• _TASK TO COMPLETE_
Leaving all pictures out, output exactly and only the line containing "Casquette Brood à" and the lines that follow it to the end of the material below.

• _THE DATA_
>>>

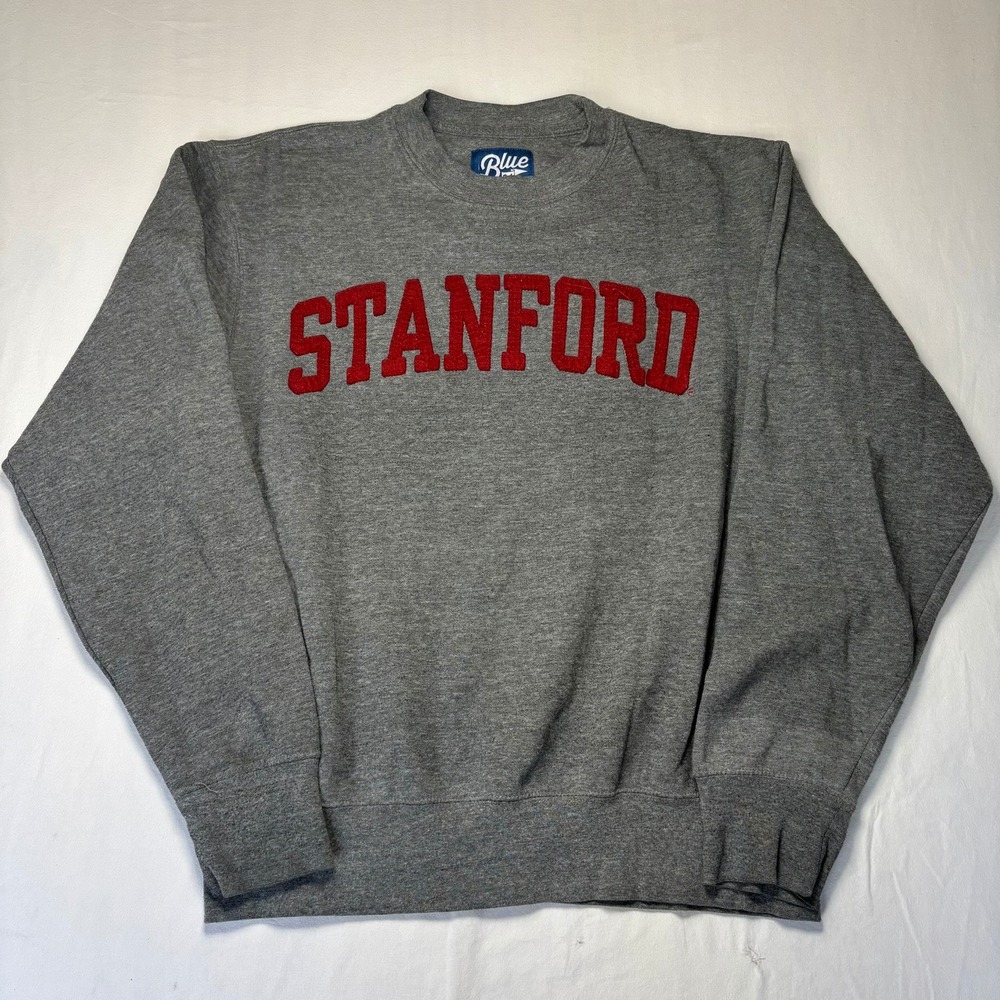 Stanford Crewneck University Sweatshirt Blue 84 Mens S Charcoal Red Collegiate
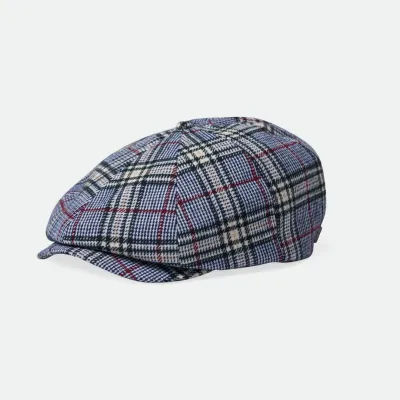 Casquette Brood à Carreaux Bleu et Bordeaux - Brixton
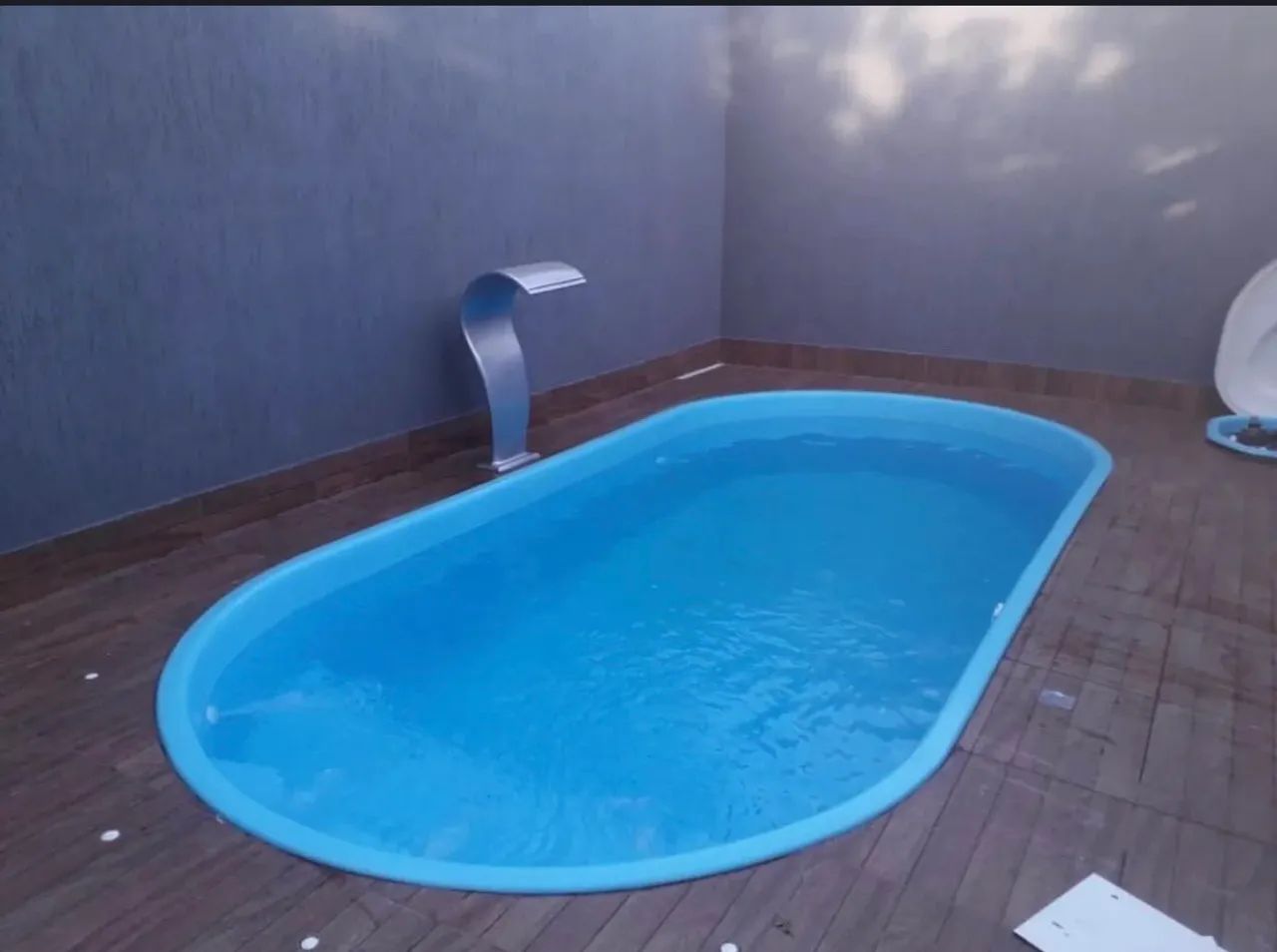 Piscina de fibra 6mts instalada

<<<

• _SOLUTION_
 Casquette Brood à Carreaux Bleu et Bordeaux - Brixton
 Piscina de fibra 6mts instalada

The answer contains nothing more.